Kenneth Wuest gives an excellent exposition of these verses in his study of 1 Peter where he says, “Water baptism is the outward testimony of the believer’s inward faith.  The person is saved the moment he places his faith in the Lord Jesus.  Water baptism is his visible testimony to his faith and the salvation he was given in answer to that faith”.  Wuest goes on to say that Peter is not talking about baptismal regeneration (A person who submits to baptism is regenerated when they first believed) because “Baptism, Peter explains, does not wash away the filth of the flesh, either in a literal sense as a bath for the body, nor in a metaphorical sense as a cleansing for the soul”.  “But he defines what he means by salvation in the words ‘the answer of a good conscience towards God’” (Word Studies in the Greek New Testament, Volume II, 1 Peter).
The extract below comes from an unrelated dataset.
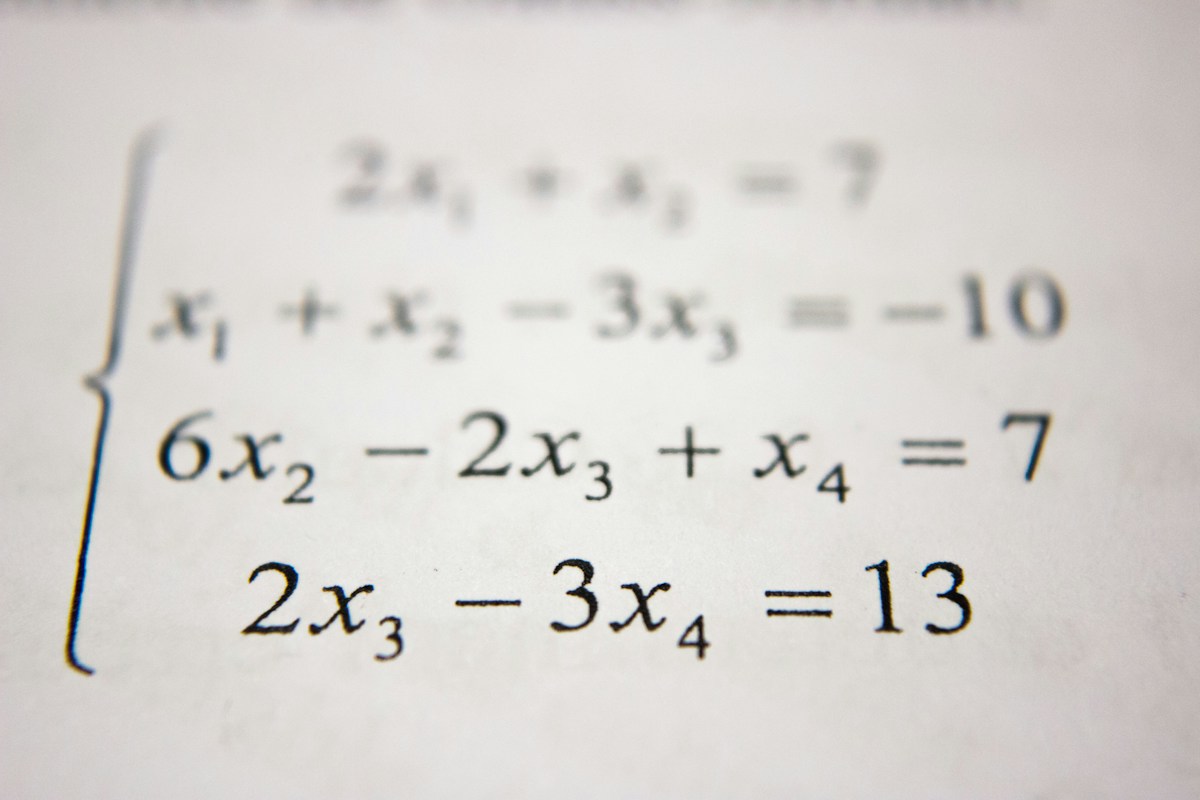 How to Build Strong Maths Skills with Online Learning at Home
In baptism we are witnessing that because we have died with Christ, we are also buried with Him in baptism and also identified with Him in His resurrection.  A completely new beginning with a clean conscience (a bad conscience will affect our fellowship with the Father).    

When we are baptized we are witnessing that we are done with our old life and now have a new life in Christ.  We have died to our old life in Adam, we have been buried with Christ in baptism and now we are begotten of God and given a new life by the resurrection of Jesus Christ (see 1 Peter 1:3). We are reconciled to God by the death of His Son, much more, being reconciled, we shall be saved by His life (Romans 5:10), that is, His resurrection life working within us by His Spirit.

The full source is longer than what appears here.